The Root of Stinginess

I encountered a man who was homeless while I was stopped at an intersection. I did what I normally do: I ignored him. I kept my eyes focused on the stoplight and even rolled up the windows. Out of sight, out of mind.

Then I remembered that I've been writing meditations about generosity all week. The hypocrisy was not lost on me, though I did a damn good job of disguising it with one rationalization or another--he already walked by, the light will change color any minute, someone else will help him, he'll just use it on drugs, etc.


There are many arguments to justify oneself when you do not give alms. ‘But what, I give money and then he spends it on a glass of wine?’ If a glass of wine is the only happiness he has in life, that is fine. Instead, ask yourself what you do secretly.
— Pope Francis

But the disguises didn't work. I recognized that I am called to generosity, that giving to someone in need is always the right thing to do.


I called the man over and handed him the money in my wallet. He was surprised and thankful.

Tonight, I think I will want to meditate on why I hesitated with my generosity. Perhaps those hesitations are pointing out attachments that prevent me from understanding others and showing them compassion.

Enter the presence of God.
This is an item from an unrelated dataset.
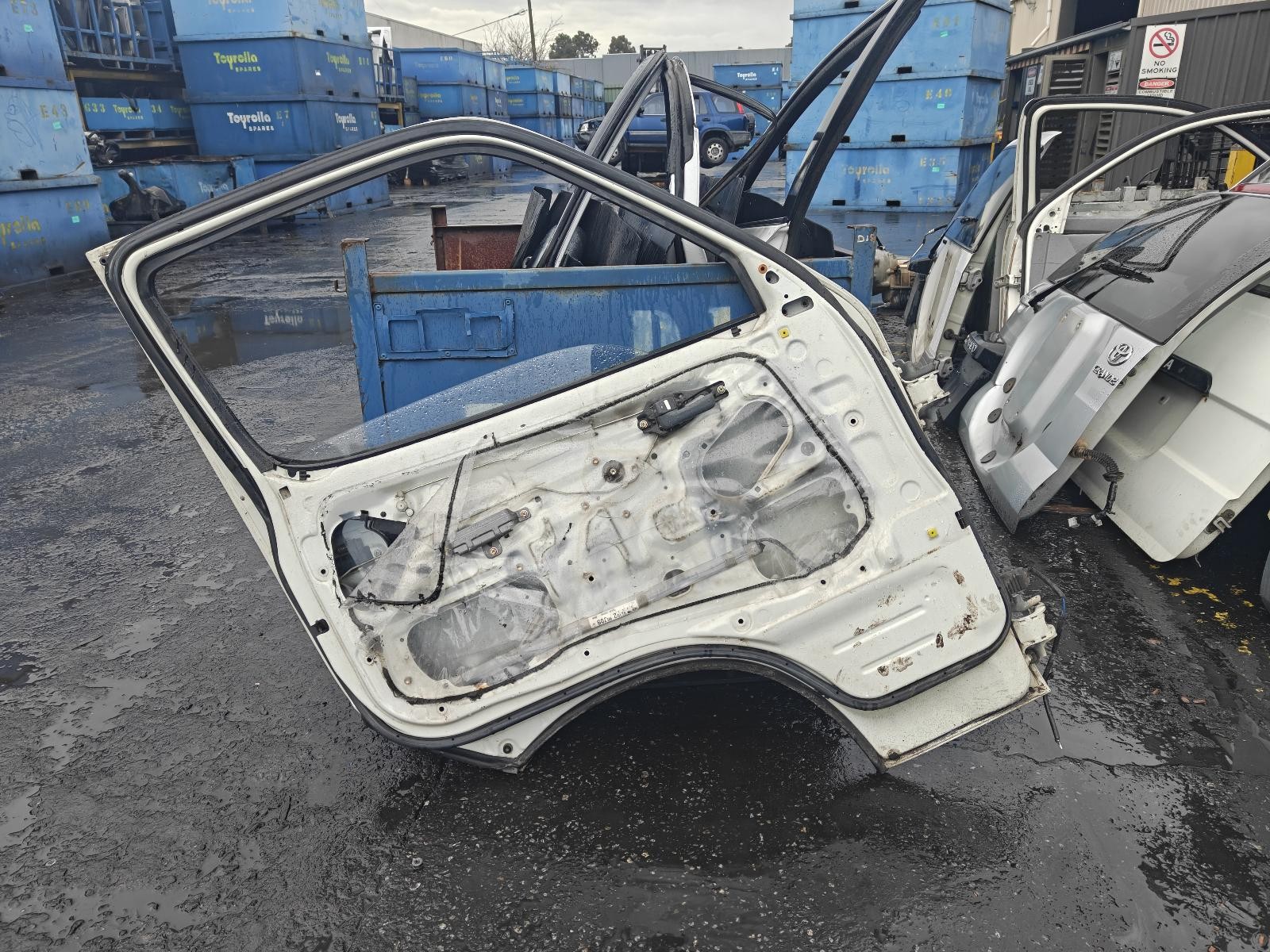 Toyota Hiace Left Front Window Regulator RZH103 11/1989-12/2004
God is within you, around you, and for you. Allow your breath to become slow and easy. Let your body become relaxed and free. Watch your mind become calm and still.

Pray for freedom with this prayer or one of your own: Lord, let me see through your eyes, and not my own.

Identify a time when you lacked generosity. Maybe it was a moment when you withheld a kind word or deed. Maybe you were unforgiving. Maybe you didn't give someone the benefit of the doubt. If several moments come to mind, focus on the one that stands out from the others.

Bring to mind as many details as you can. Where were you? What were you doing? Who were you with? Focusing on the details of the situation will help you from judging yourself. Simply accept it for what it was.

Ask yourself, "Where did my lack of generosity come from?" Maybe it was fear, disgust, or some other reason. Keep asking that question until you get to what seems to be the root of your stinginess.

Continue to look at this root. Where does it grow in other areas of your life? How does it limit your ability to show compassion to others? To yourself?

Talk to Jesus about this as one friend to another. What would you like to say to him? What does he say to you? Hand this root to him. What is it like to be free of it?

Now that you are free of it, return to your moment of stinginess. How would you act differently? How will you act differently in the future? If you find it hard to surrender this root of stinginess, ask for the grace to be able to give it up.

Close with this prayer or one of your own,  Lord, free me from the root of my stinginess. Free me from those attachments that prevent me from showing love, mercy, and compassion to all creatures. Amen.